İşte bunun için, ”Savaş bir insanlık suçudur,” diyorum. Daha da ileri gidiyorum. Hayatında hiç karşılaşmamış, tanışmamış, birbirleriyle hiçbir ilişkisi olmayan insanların birbirlerini öldürmelerine karar veren, ellerine tutuşturdukları silahlarla, ”Hadi aslanım, öldür onu,” diyen, ama kendileri cepheye mümkün olan en uzak yerde, koruma altında emirler yağdıran o insanımsıların da, birer adi suçlu olduğuna inanıyorum.
Duydunuz mu, İsmail Hakkı Sunata ismini? Söyleyeyim: Hukuk Fakültesinde okuyordu. Durup dururken kendisini Çanakkale Savaşının ortasında buldu. Ömrü boyunca hümanist olmuş, ailesi onu hep insan sever olarak yetiştirmiş ama Çanakkale’ye insan öldürmeye gelmişti. Savaştı Çanakkale’de, sonra da gitti, dört yıl Doğu Cephesi’nde çarpıştı. En son, fakülteye dönerek eğitimini tamamladı.

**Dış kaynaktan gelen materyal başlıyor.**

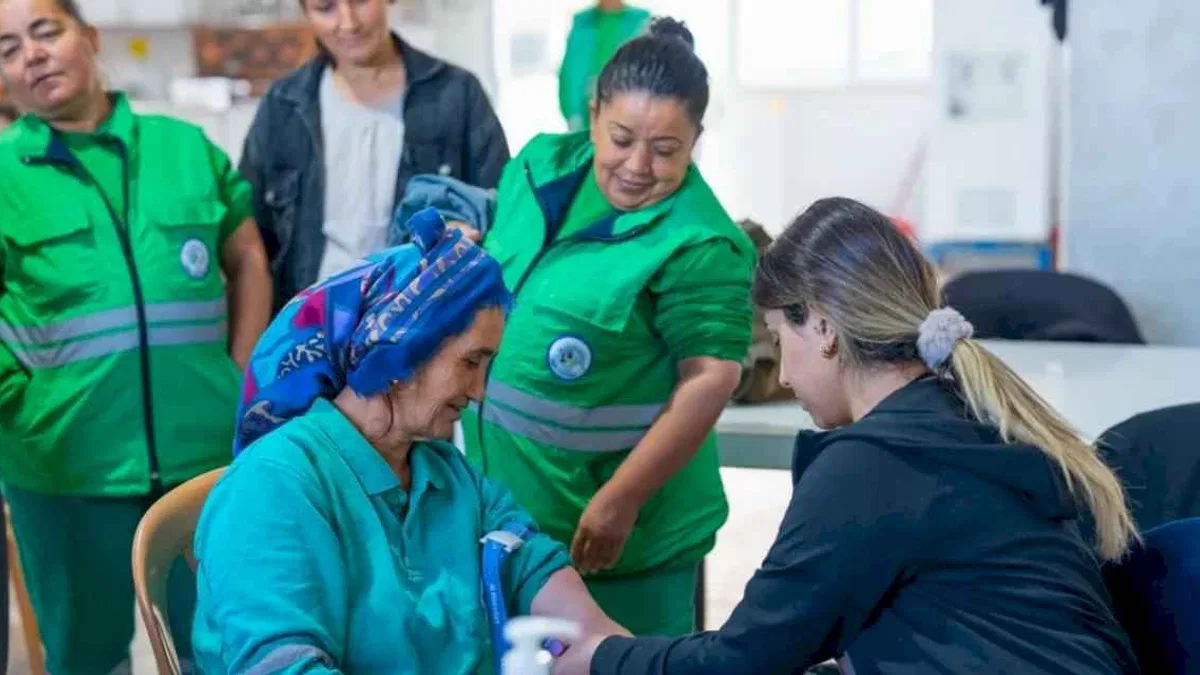 Muğla Milas'ta belediye personeline sağlık taraması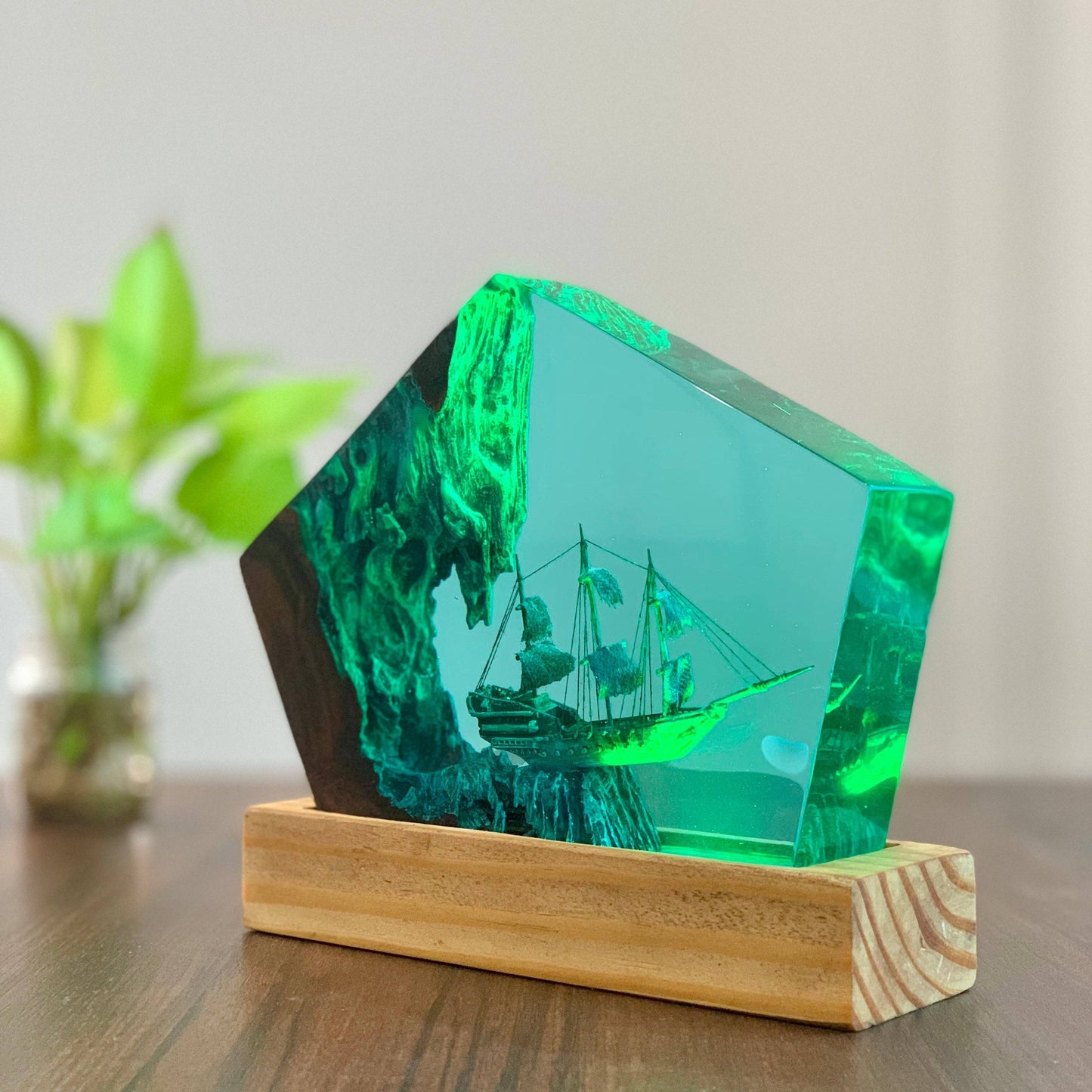 The Flying Dutchman Ship Handmade Resin Nightlight - OPICRAFT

Hem savaşıyor, hem de alışkanlığı dolayısıyla cephede bile not tutuyordu. İlk satırları şöyleydi: “Ne ben şu İngilizleri tanırım ne onlar beni. Ah, bizi böyle karşı karşıya getirmeye sebep olanlara ne diyeyim bilmem. Ahdettim ki sebepsiz yere bir kurşun atmayayım.” Ahdine sadık kalabildi mi, İsmail Hakkı? Elbette hayır. Kurşun attı insana, öldürmek için, vatanını savunmalıydı, çünkü. Sizce savaştan sonra kendini nasıl hissetti, İsmail Hakkı? Ölmemişti ama ruh sağlığı nasıldı? Neler görüyordu rüyalarında?
Çanakkale’de kara çıkartmaları artmıştı. Sultan V. Mehmed Reşad, Harbiye Nezareti’ne bir tebliğ yayımlattı. Askerlik Kanunu değişmiş, lise ikinci sınıf öğrencilerinin de askerlik hizmetine alındığı açıklanmış, kıtalara teslim olmaları istenmişti.
Önce, Galatasaray, Vefa, Kabataş ve İstanbul Lisesi öğrencileri cepheye koştular. . Ardından Anadolu’dan lise öğrencileri gelmeye başladı. Balıkesir, Bursa, Edirne, İzmir, Kastamonu, Kayseri, Kütahya, Konya, Denizli, Erzurum ve Sivas’tan 15-16 yaşındaki yavrucaklar cepheye koştu. Pek çoğu geri dönmedi. Askercilik oynamışlar ve ölmüşlerdi sanki.
Şimdi kalkmış, önce vali, sonra milletvekili olmuş bir zibidi, “Çanakkale Savaşları hiç olmamıştır. Bütün şehitlikler düzmece,” diyebiliyor. Aymazlık tamam ama vali olmuş birisi Çanakkale’de savaş olduğunu bilmeyecek kadar, salak olabilir mi? O halde neden? Nedennn? Çünkü yalakalık valilikten de karlı bir meslek.
ÖYLEYSE YAZMAYAYIM MI? YAZMAYALIM MI?